RF: Did you come up with the concept behind the shoot or was it already decided?
AL: Typically, I do, but when I work with Suzanne she handles this sort of thing.
RF: Shooting dogs or animals of any kind can be tricky sometimes—did you have to adjust your approach at all?
AL: Truthfully, I don't have any particular things I do. A lot of the dogs I photograph are press-trained and basically live in front of a camera, so they don't need much guidance.
RF: How did you go about setting up this shot technically?
AL: I held a flash to the left of my Canon 5D Mark III, and most likely I was shooting at f/22 and 1/125 for shutter speed.
RF: Did you encounter any challenges over the course of the day?
AL: Ha, a separate shot had cucumbers over the dogs’ eyes in a spa. That was a challenge. Somehow we got the shot, but I could not begin to explain why.
RF: What was the most memorable thing about this shoot?
AL: Just the sight of Toast the dog in a baby robe. So hysterical.
RF: Taking a step back, how did you get into photography?
AL: At first, enrolling in a photography class was simply something to do. I was about 15 years old or so and it was an Urban Photography class at Moore College of Art and Design in Philadelphia. I hated it. I had no idea how to use the SLR correctly, developing film terrified me, and I had no sense of what to photograph.
For reasons I can't explain, I decided to enroll in another class, this time at Tyler School of Art at Temple University. On my way from campus into Center City I met a film student who was telling me about a few documentary projects he was working on. Something about this interaction really resonated with me. In so many words he taught me that everyone has a story, and it's worth exploring and understanding. The rest is history. Suddenly I felt I had a purpose and intent behind photographing.
RF: What about developing how you approach your subjects and the overall style of your photography?
AL: I was always keen to the classics, like Diane Arbus, Helen Levitt, Garry Winogrand... I think studying these photographers and spending a lot of time photographing people on the street were instrumental to the kind of work I'm making now. Growing up I was really, very painfully shy. But despite being shy, there was still an element of fearlessness I had when it came to asking people to photograph them or getting the shot I wanted. Photographing helped me come out of my shell.
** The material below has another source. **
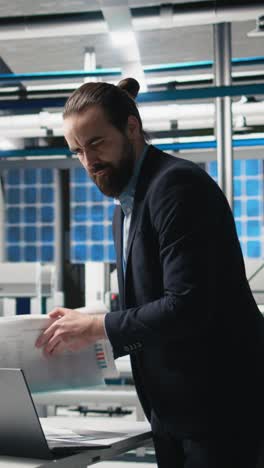 vertical video executive manager in suit conducting an inspection in a solar panel factory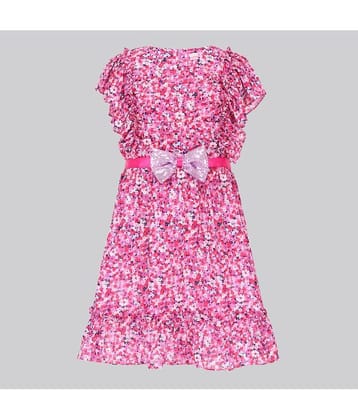 Cutecumber Georgette Fit And Flare Dress For Girls ( Pack of 1 , Pink )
My style in the beginning was very slow and meditative, just by nature of the camera I was using, a Mamiya C330 TLR. I'm shooting with a DSLR now because I can get the same results as film, but my photographs have certainly shifted with that change—they’re less static and more about movement.
RF: What is it about the heavy fill flash that you feel contributes to your creative vision?
AL: Flash was a turning point for me in developing my style. I had always been a purist—never would I ever use an artificial light source. But then one day my friend walked in with a Sunpak 622. This flash was huge and glorious. I was enamored instantly. I took a photograph of my friend Josh in his Upper East Side studio with it, and later that night as I was looking at the film, it was like hearing music for the first time. Everything just made sense. The flash has a way of isolating details, moments, interactions, etc. in a really extraordinary way. I can't really articulate it, but it just helped me understand my vision.